Section 08: Loop & Range

Context: J3 showed tail-recursive gcd compiles to invoke instead of a loop — stack overflow risk for large inputs. J7 showed range 1..=n creates a 4-field struct then immediately destructures it — the struct serves no purpose. J7 also showed duplicate i + 1 computation and dead phi nodes at loop exit.


08.1 Fix M4 — Tail Call Optimization

Journey: J3 | Severity: MEDIUM File(s): compiler/ori_llvm/src/codegen/ (function call emission)

gcd(b, a%b) is in tail position but compiles to invoke — no tail call annotation, no loop transformation.

Fix options:

  • (a) musttail annotation — LLVM will optimize the call to a jump. Simple but only works for self-recursion.
  • (b) Loop transformation — Detect tail-recursive calls and compile them as loops directly. More robust.
  • (c) Defer to LLVM — LLVM’s tail call optimization pass handles simple cases with -O2. But -O0 (debug) doesn’t optimize.

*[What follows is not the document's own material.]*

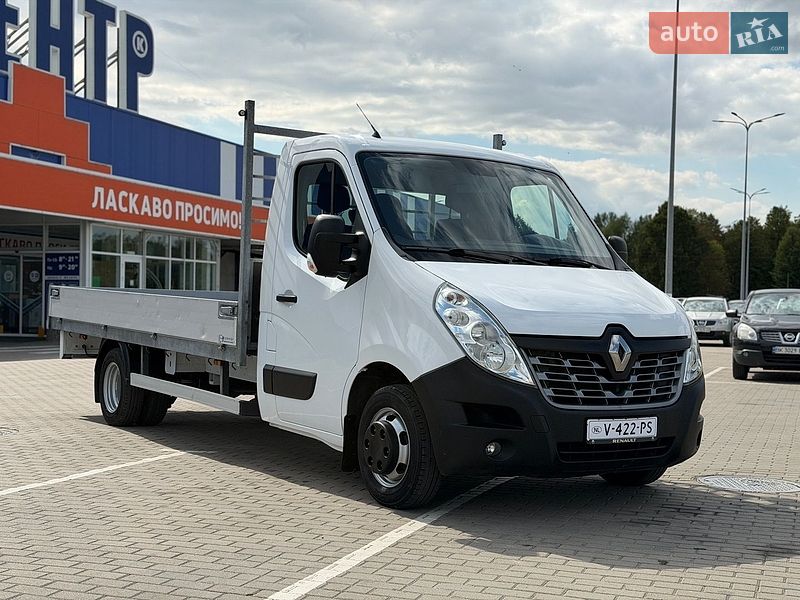 Renault Master 2019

Note: This is an optimization, not a correctness fix. Defer if higher-priority work remains.

  • Assess: does LLVM’s -O2 handle gcd’s tail recursion? — YES: O2 converts call fastcc @_ori_gcd to loop with phi nodes, adds norecurse nosync nounwind
  • No codegen change needed — LLVM handles it
  • Verify: gcd(48, 18) returns 6 ✓

08.2 Fix L5 — Range Struct Materialization

Journey: J7 | Severity: LOW File(s): compiler/ori_llvm/src/codegen/ (range/for..in codegen)

Range 1..=n creates { i64, i64, i64, i64 } (start, end, step, current) via 3 insertvalue, then immediately extracts all fields via 3 extractvalue. The struct is dead after extraction.

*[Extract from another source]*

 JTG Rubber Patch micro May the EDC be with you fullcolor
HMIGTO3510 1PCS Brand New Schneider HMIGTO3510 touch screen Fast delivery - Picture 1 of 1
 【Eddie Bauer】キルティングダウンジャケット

  • Assess: LLVM O2 completely eliminates the range struct — insertvalue/extractvalue round-trip optimized away, constants propagated directly into phi nodes
  • No codegen change needed

08.3 Fix L6 — Duplicate Computation in Loops

Journey: J7 | Severity: LOW

sum_loop computes i + 1 twice — once for total += i + 1 and once for i += 1. LLVM CSE eliminates this.

  • Assess: LLVM CSE eliminates duplicate computation at O2 — no codegen change needed

08.4 Fix L7 — Dead Phi Values at Loop Exit

Journey: J7 (confirmed J10) | Severity: LOW

Loop exit blocks have phi nodes for variables that are never used after the loop. sum_loop’s exit has 3 phis but only 1 is used (total).

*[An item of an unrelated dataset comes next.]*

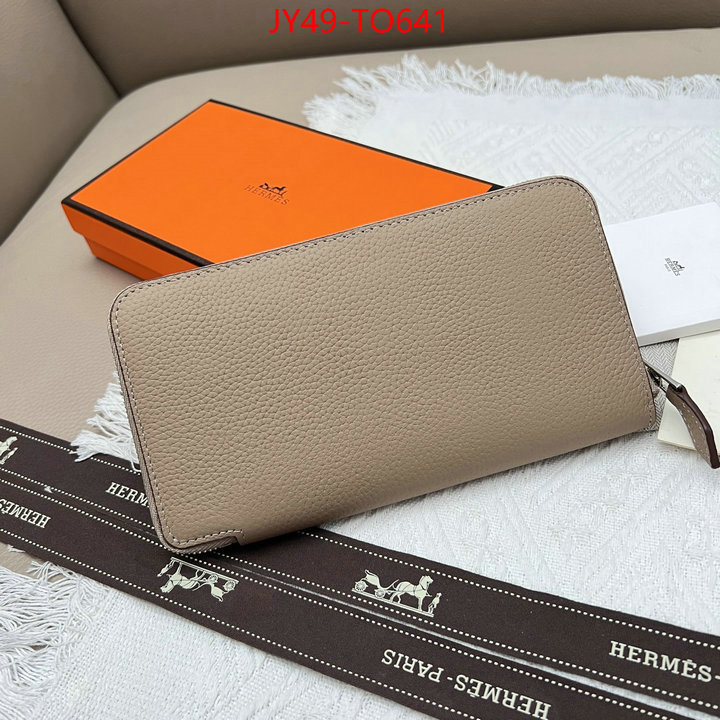 Hermes Bags(4A)-Wallet-,online from china ,ID: TO641,$: 49USD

  • Assess: LLVM DCE eliminates dead phis at O2 — no codegen change needed

08.5 Completion Checklist

  • Tail call optimization — LLVM O2 converts to loop (no codegen change needed)
  • Range materialization — LLVM SROA eliminates intermediate struct (no codegen change needed)
  • Duplicate computation — LLVM CSE handles it (no codegen change needed)
  • Dead phis — LLVM DCE handles it (no codegen change needed)
  • No test-all.sh needed (no codegen changes made)

Exit Criteria: All 4 items confirmed handled by LLVM O2 via opt-21 -O2 -S analysis. Journey 3 and 7 produce correct results.